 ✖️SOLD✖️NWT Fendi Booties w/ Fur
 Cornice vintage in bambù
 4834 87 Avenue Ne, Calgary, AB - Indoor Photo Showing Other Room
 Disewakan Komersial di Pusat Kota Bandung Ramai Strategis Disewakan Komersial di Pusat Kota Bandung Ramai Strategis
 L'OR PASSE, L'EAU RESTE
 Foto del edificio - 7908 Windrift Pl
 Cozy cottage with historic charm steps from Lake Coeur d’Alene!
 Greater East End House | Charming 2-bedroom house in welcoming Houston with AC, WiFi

---

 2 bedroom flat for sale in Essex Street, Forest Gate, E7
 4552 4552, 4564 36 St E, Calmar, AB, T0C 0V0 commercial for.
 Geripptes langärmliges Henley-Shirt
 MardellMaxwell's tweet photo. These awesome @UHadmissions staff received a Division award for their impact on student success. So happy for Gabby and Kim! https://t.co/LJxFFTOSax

TASK DIRECTIONS | Select every line in the records above that contains the word "bedroom".

RESPONSE FOR THIS EXERCISE |
 Greater East End House | Charming 2-bedroom house in welcoming Houston with AC, WiFi
 2 bedroom flat for sale in Essex Street, Forest Gate, E7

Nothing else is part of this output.